Translated by Celia Sgroi

Gärtnerplatz Theater: Dietrich Fischer-Dieskau as Recitor

His extraordinary career lasted almost a half century: In 1992
Dietrich Fischer-Dieskau retired from singing but continued his
activities as a teacher, conductor, recitor and author. (In the
Gartnerplatz Theater on Sunday he speaks melodramas by Arnold
Schoenberg and Viktor Ullmann. This belated celebration of the
singer's 80th birthday is not affected by the strike.)

AZ: Mr. Fischer-Dieskau, what interests you about these very unknown
works?

DFD: I think that "Ode an Napoleon" is one of Schoeberg's most
integrated works. It originated in 1942, during Schoenberg's World War
II exile in America. Schoenberg wrote particularly well when he was
angry. All his resentment against the Nazi dictatorship and Hitler in
particular is concentrated in this work. It is not a typical 12-tone
work, bit rather ends in the key of D-major. Toward the end of his
life the composer returned to tonality. Schoeberg's last words are
said to have been: "Harmony."

AZ: Why did Schoenberg specify a singer as the recitor of Byron's words?

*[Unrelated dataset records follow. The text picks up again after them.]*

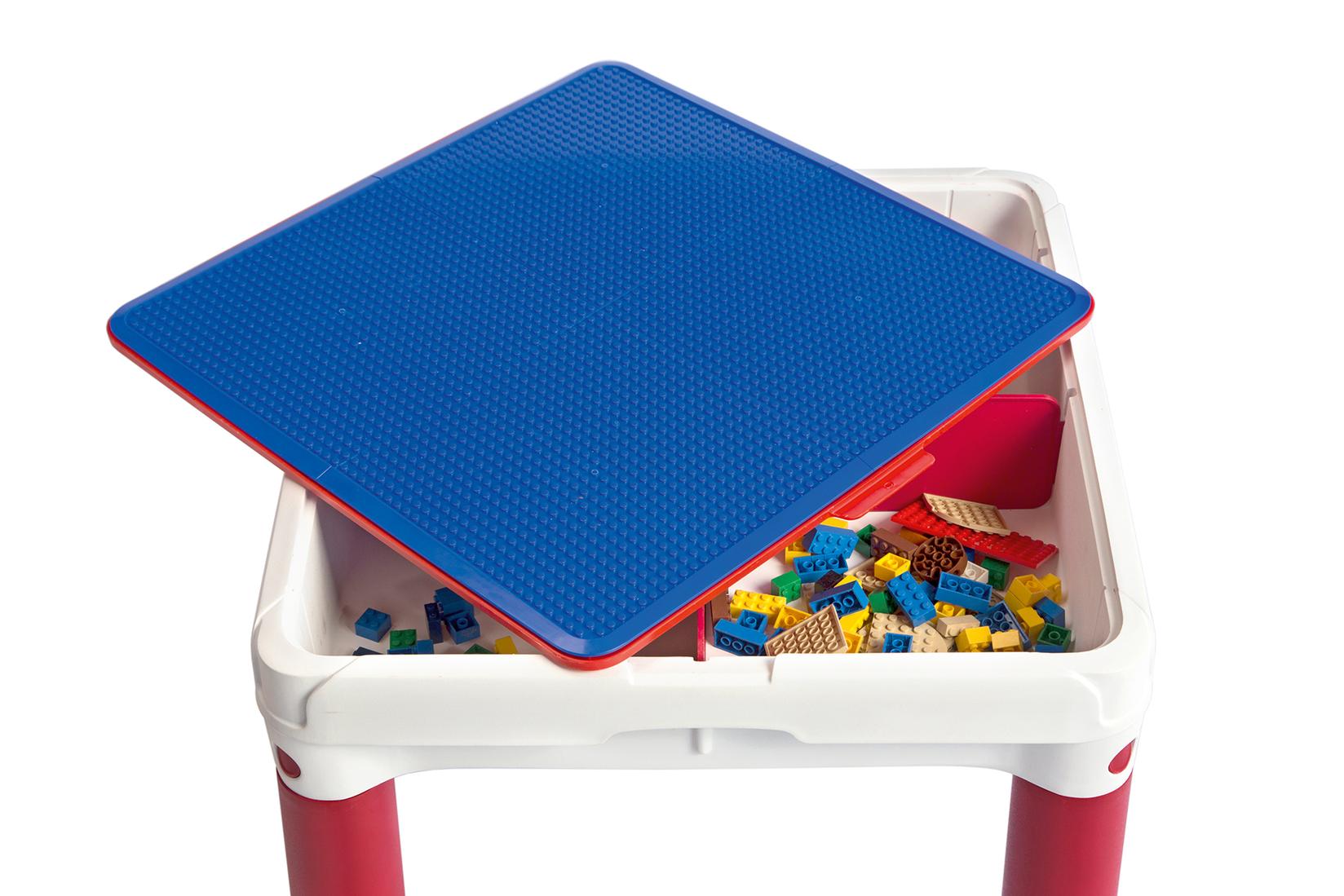 Selected image for KETER Constructable Dečiji sto sa dve stolice, Crveno-plavi
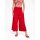 Designer-Culotte m. Gürtel, rot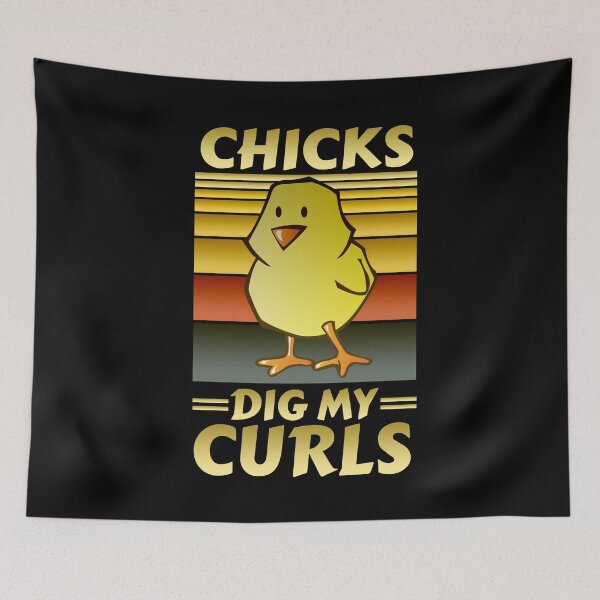 Item preview, Chicks Dig My Curls designed and sold by issambak.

DFD: As is the case with "Pierrot Lunaire," the notes are written
aproximately and the speech rhthym is exact. The recitaion is
accompanied by a piano quartet. At the end of the work there is even a
short sung passage. We are performing the original English version,
because I don't find Schoenberg's German-language version to be
successful.

AZ: Who is Viktor Ullmann?

DFD: He was a Bohemian composer who was murdered in Auschwitz in 1944.
His music sounds like a more harmless version of Alban Berg. Not as
dense but full of ideas and tonal things. "Die Weise von Liebe und Tod
des Cornet Rilke" is Ullmann's last work. It was written in the
Theresienstadt concentration camp.

AZ: Isn't that strange? Rilke's text celebrates heroic death on the
battlefield.

DFD: I don't see it as particularly problematic. The language of the
text is very beautiful. It was the Nazis who twisted the work to be
something warlike.

AZ: How was your long career possible?

DFD: I was reluctant to sing heavy roles like "Wozzeck" or Sachs.
Maybe they were too ambitious, but people wanted to hear me sing them,
so I adjusted to them.

AZ: Were you satisfied with these interpretations?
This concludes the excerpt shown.